Benchmarking Agentic Large Language Models for ComplexProtein-Set Functional Annotation

Zhang, X.

2026-04-21 bioinformatics 10.64898/2026.04.18.719404 medRxiv

Top 2%

3.6%

Show abstract

Large language model (LLM) agents are increasingly used to synthesize heterogeneous bioinformatics evidence, but their reliability for high-volume biological annotation remains poorly characterized. We evaluated three agent configurations on a controlled protein annotation task: Claude App with Claude Opus 4.7, Claude Code CLI with Claude Opus 4.7 and Claude Scientific Skills, and Codex App with GPT-5.4 and Claude Scientific Skills. Each configuration was run three times on the same verbatim prompt, the same 73 selected orthogroup FASTA files (1,705 protein sequences), and the same local evidence: Swiss-Prot BLASTP output, Pfam/HMMER domain hits, DeepTMHMM topology predictions, and SignalP secretion predictions. We audited the nine outputs for coverage, biological correctness, missing evidence, hallucinated or over-specific annotations, and within-method consistency, then merged the best-supported evidence into a final orthogroup annotation table. All nine runs covered all 73 orthogroups, indicating that the agents could retrieve and organize the complete input set.
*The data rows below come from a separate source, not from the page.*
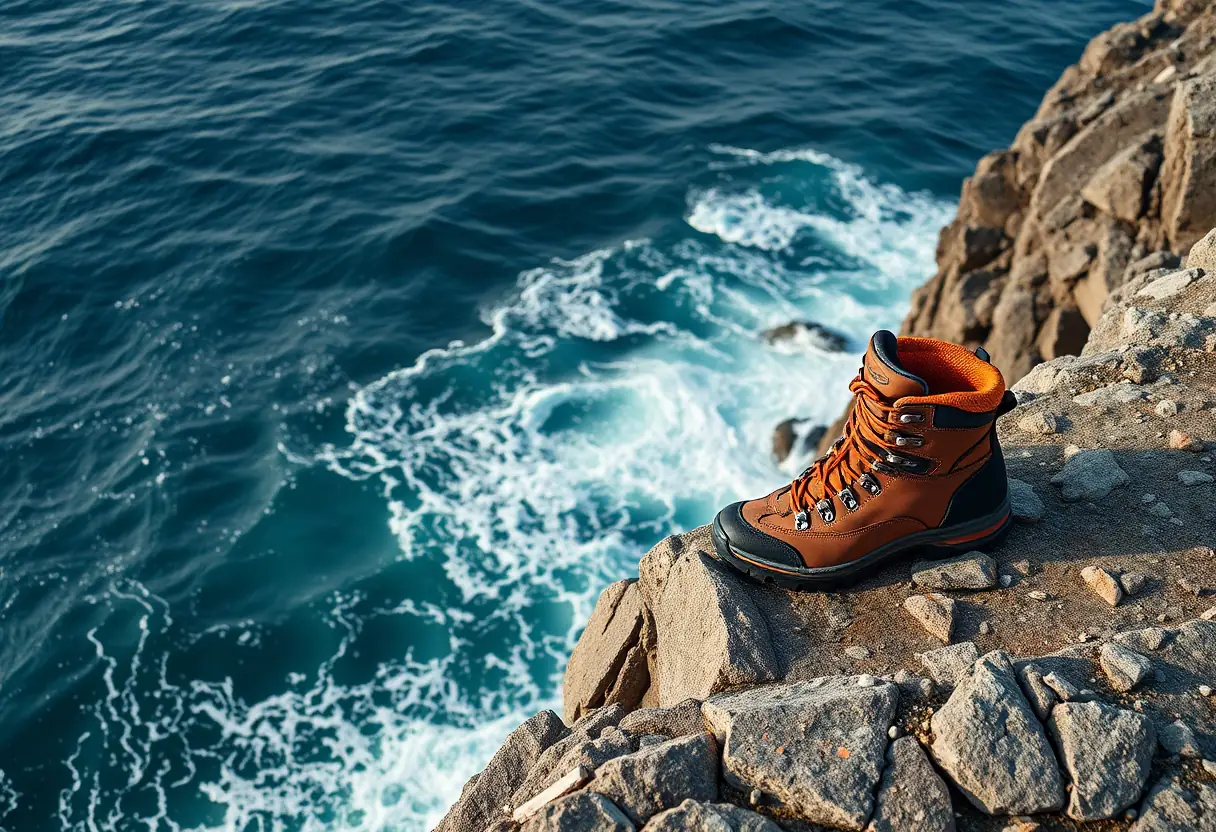 Une paire de chaussures de randonnée posées sur le bord d'une falaise rocheuse qui domine l'océan Arctique, avec des vagues qui s'écrasent en dessous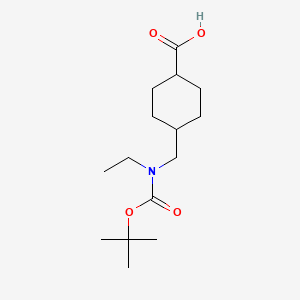 (1r,4r)-4-(((tert-Butoxycarbonyl)(ethyl)amino)methyl)cyclohexanecarboxylic acid - 2137643-39-9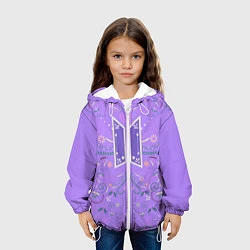 Куртка с капюшоном детская BTS - ARMY Цветочный принт, цвет: 3D-белый — фото 2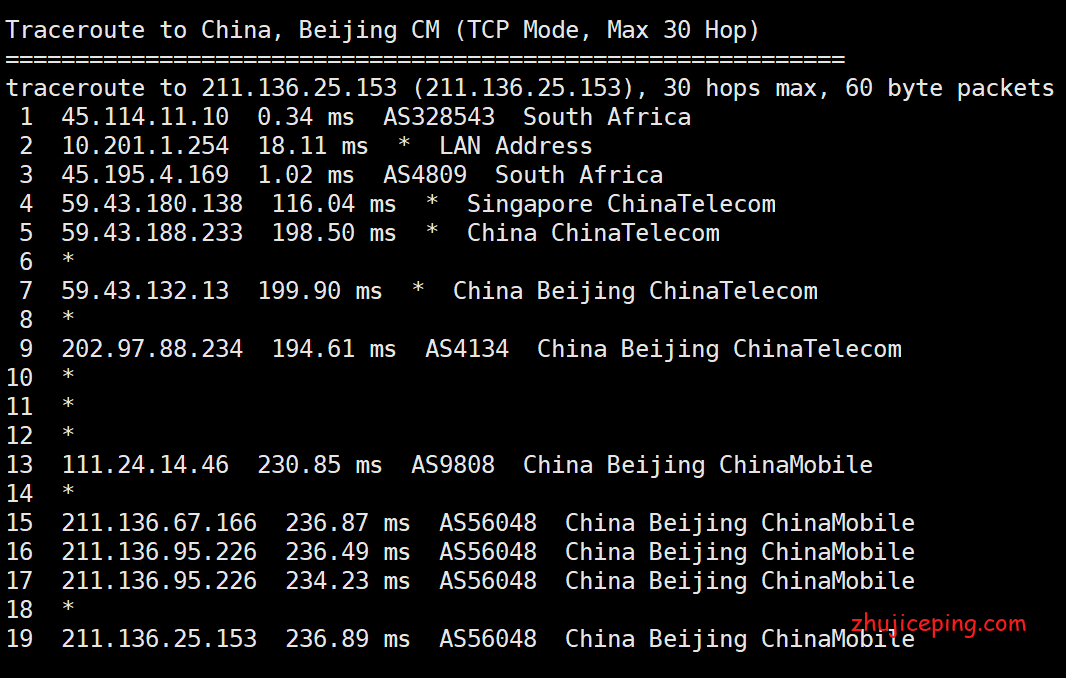 j5 给大家看看南非cn2 gia网络--简单测评justg的南非 cn2 gia VPS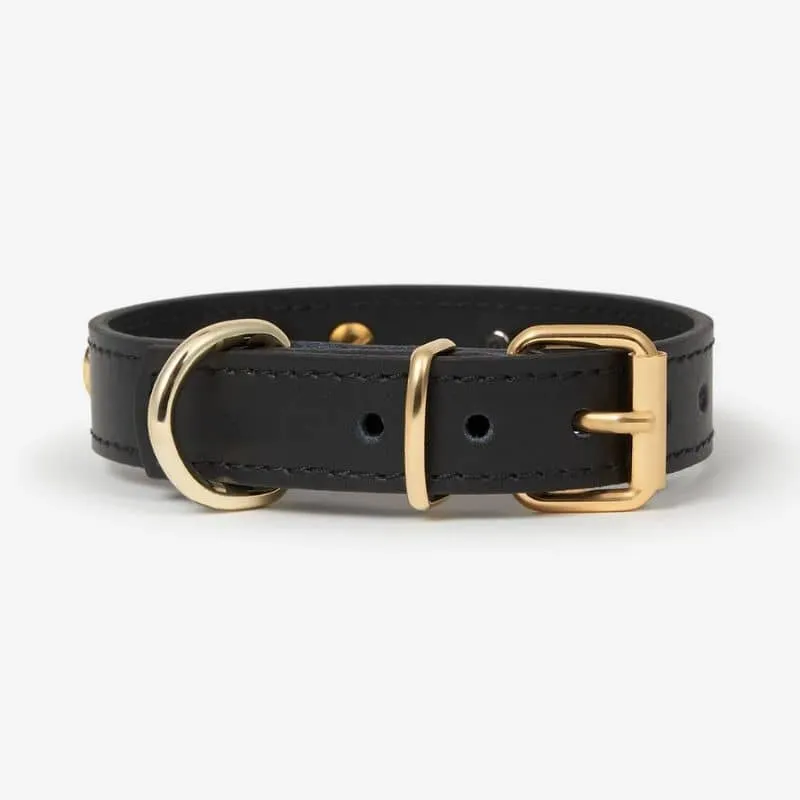 COLLIER EN CUIR POUR CHIEN - NOIR "NARA" AVEC CLOUS DORÉS COEUR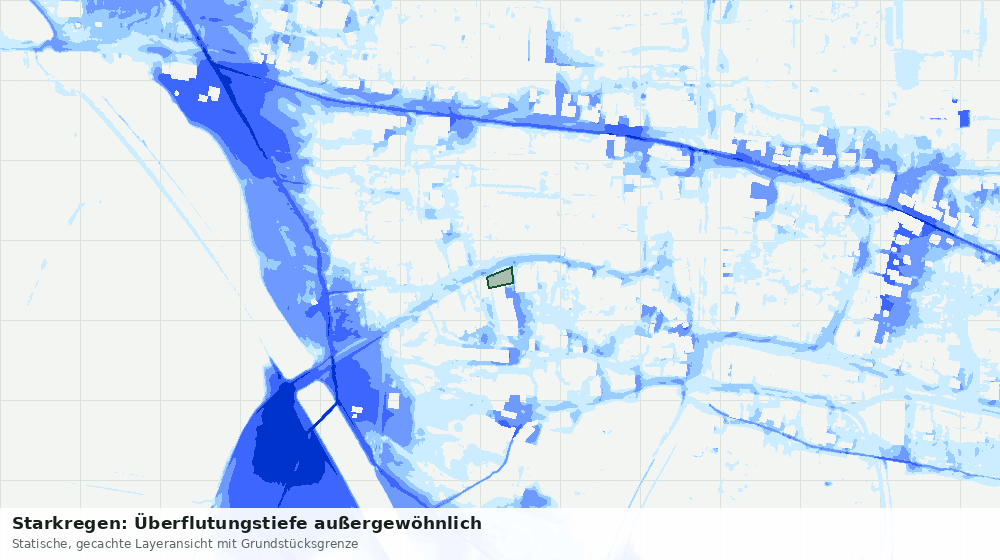 Statische Kartenansicht: Starkregen: Überflutungstiefe außergewöhnlich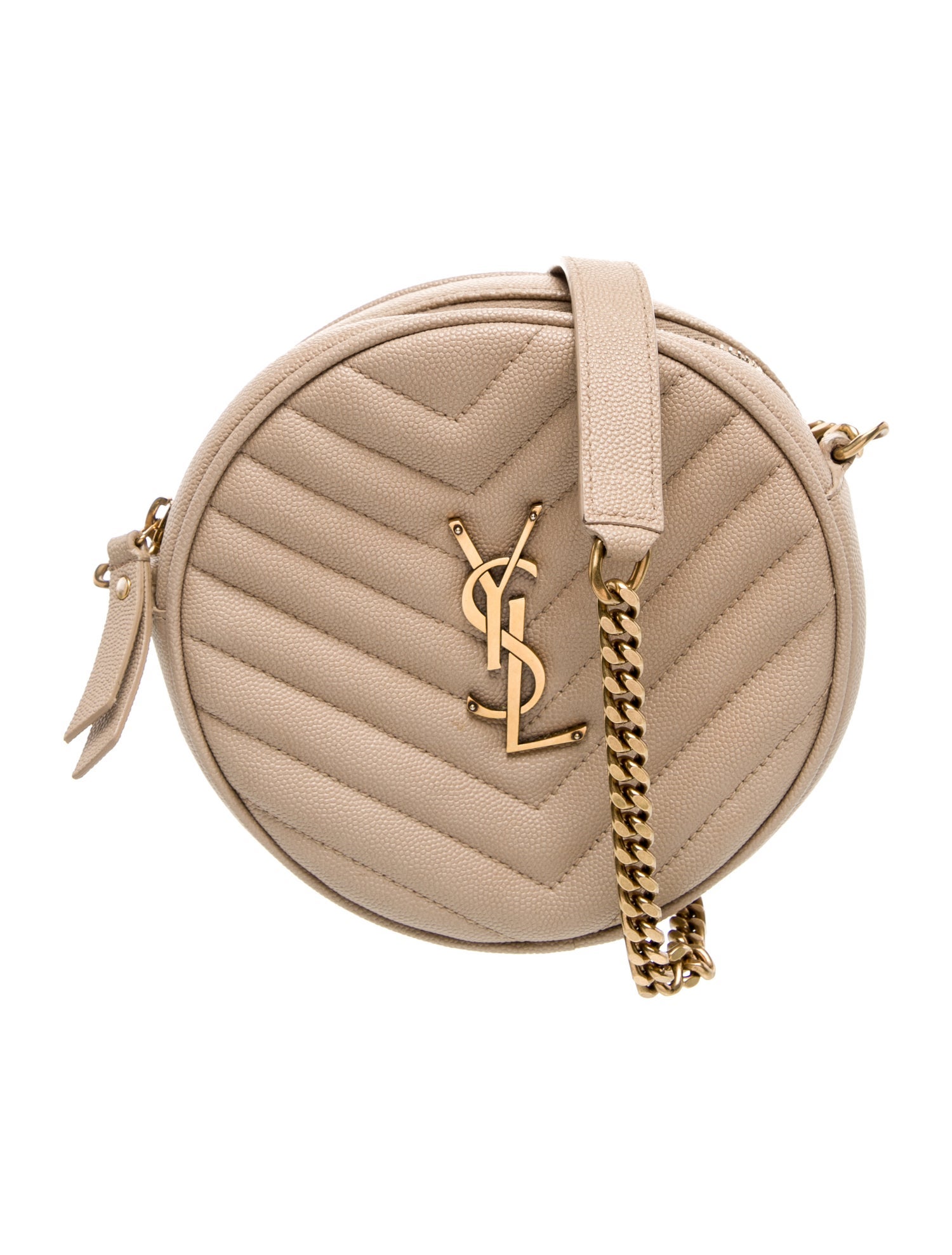 Saint Laurent Chevron Monogram Matelasse Vinyle Round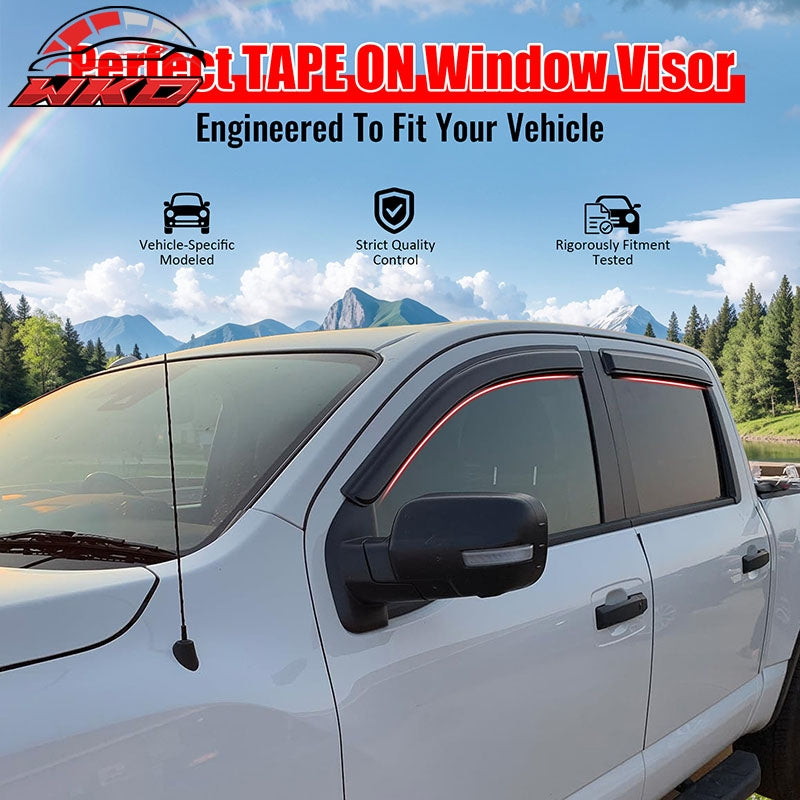 Fits 17-24 Nissan Titan& 16-24 Titan XD Crew Cab Window Visors Deflectors 4PCS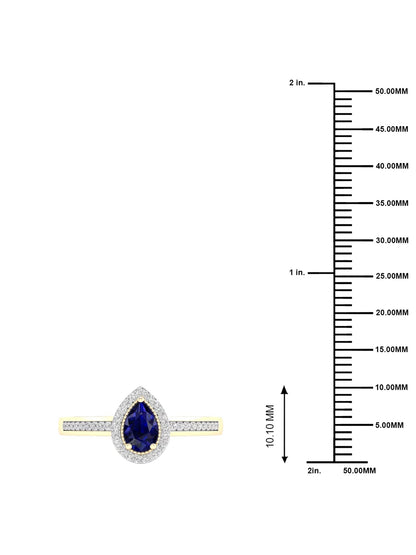 Gemstone 10K Yellow Gold Pear Blue Sapphire 1/8 CT TW Diamond Halo Women'S Ring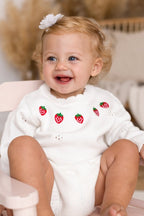 White Stawberry Knit Bodysuit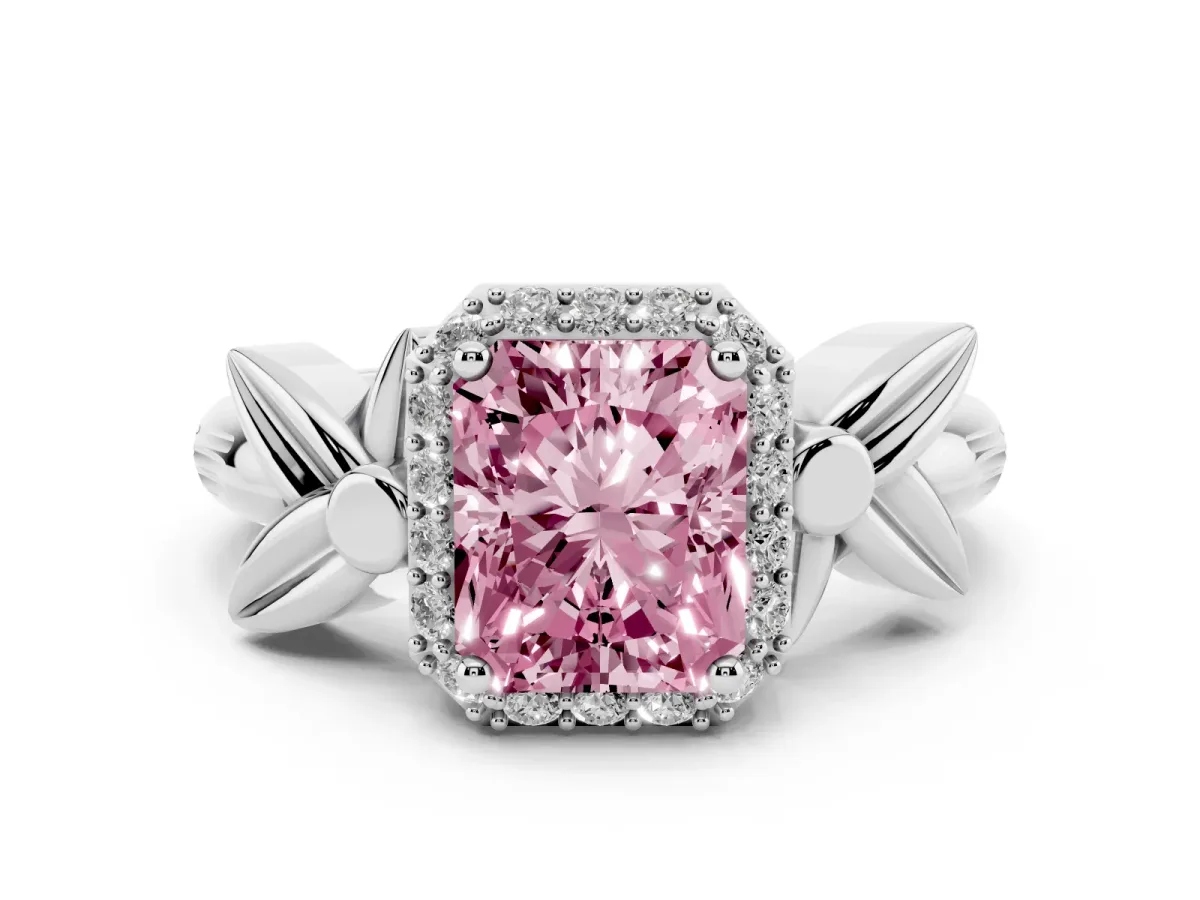 Fancy Pink Radiant Cut Halo Diamond Floral Band with Four-Prong Setting Platinum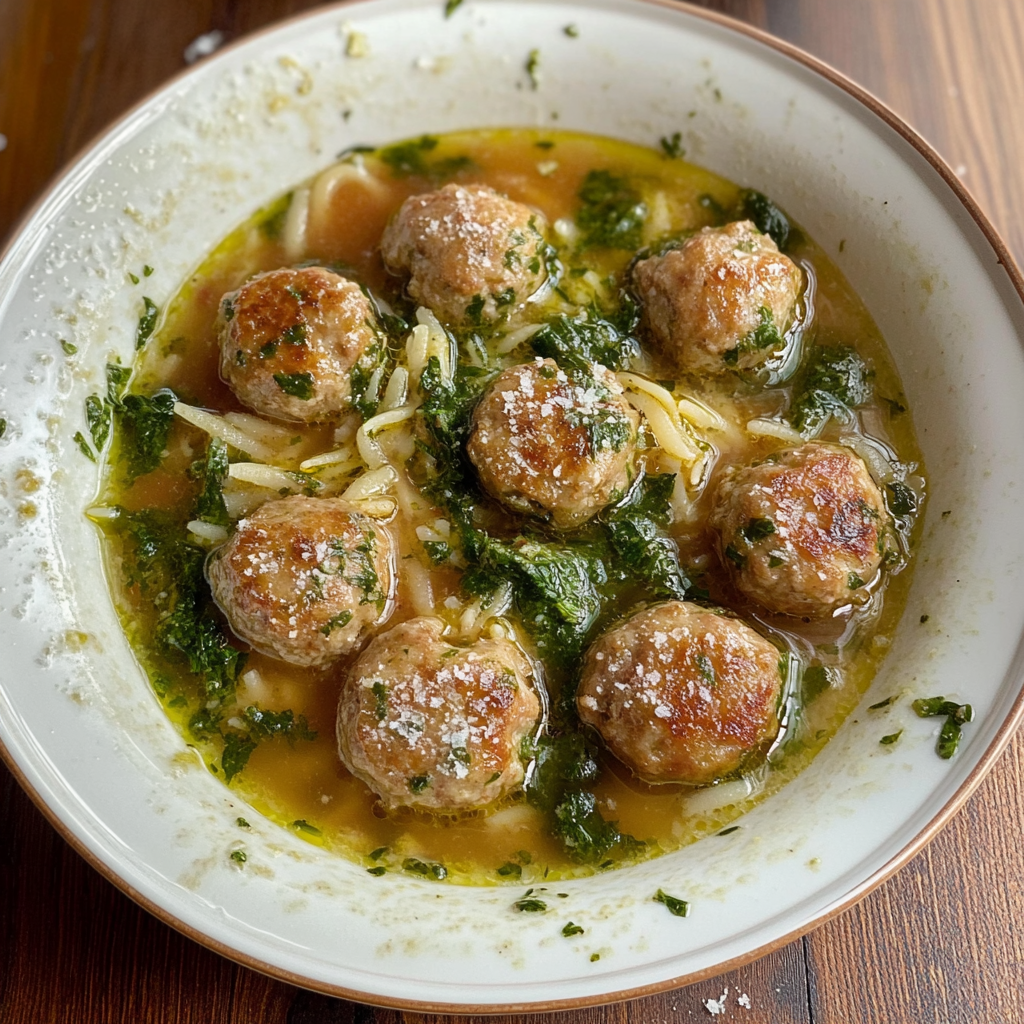 Meatball and Courgette Orzo Broth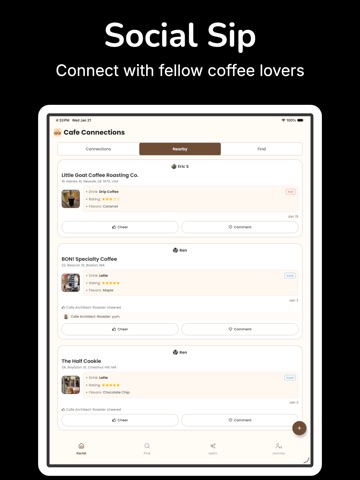CafeConnections: Coffee Diary iPad screenshot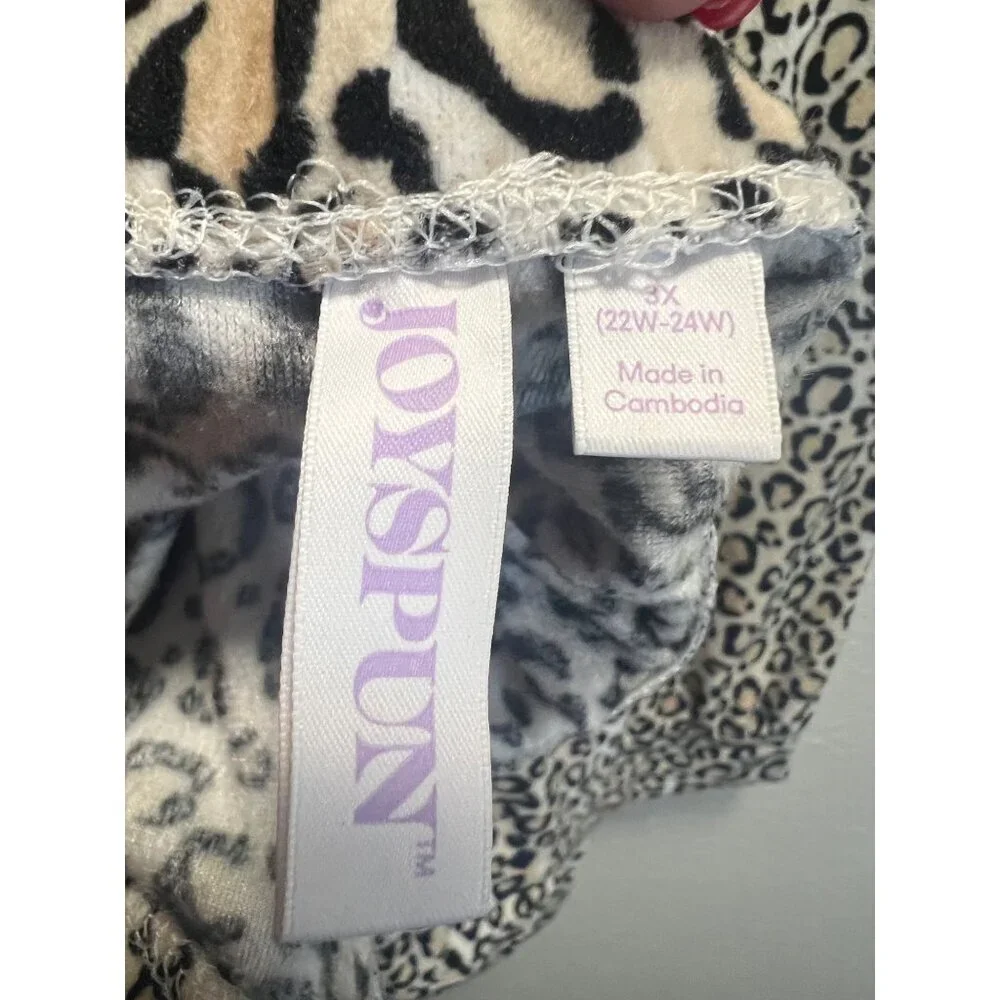 Joyspun Womens Leopard Print Long Sleeve Lounge Top 2X 18W-20W  bottoms 3X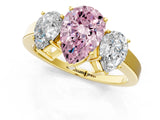 Yellow gold Three-Stone Fancy Pink Pear Cut Cut Diamond Engagement Ring with Flat Band and Four-Prong Setting_13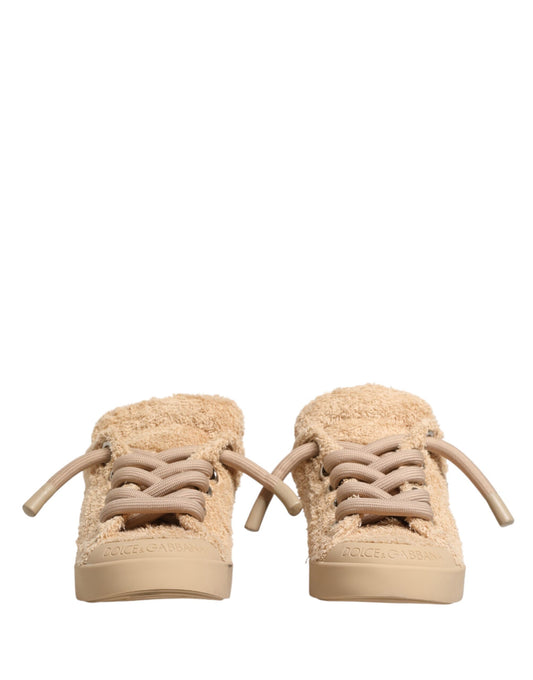 Dolce & Gabbana Shoes Beige Faux Shearling Low Top Sneakers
However, normalized calcification-relevance calls were only moderately reproducible: within-method exact tier agreement ranged from 0.397 to 0.685 for Claude App (mean 0.562), 0.342 to 0.740 for Claude Code (mean 0.516), and 0.411 to 0.630 for Codex App (mean 0.539), and the per-run number of high-confidence calls varied from 0 to 12 across the nine runs. The final curated table retained 3 high-confidence, 9 moderate, 18 watchlist, and 43 low-relevance orthogroups. The most robust direct candidates were sulfatase (OG0017138) and sulfotransferase (OG0020703) families and an FG-GAP/integrin-like surface protein family (OG0018986), whereas common error modes included elevating pentapeptide-repeat orthogroups on motif evidence alone, treating weakly secreted housekeeping enzymes as matrix proteins, and taking low-complexity BLAST labels at face value. Skill-enabled agents improved file handling, evidence traceability, and reproducibility of computational checking, but they did not eliminate biological overinterpretation. These results support a best-practice workflow in which LLM agents draft annotations only after deterministic evidence tables are generated, with explicit scoring rules, provenance columns, run-to-run replication, and expert review of high-impact claims.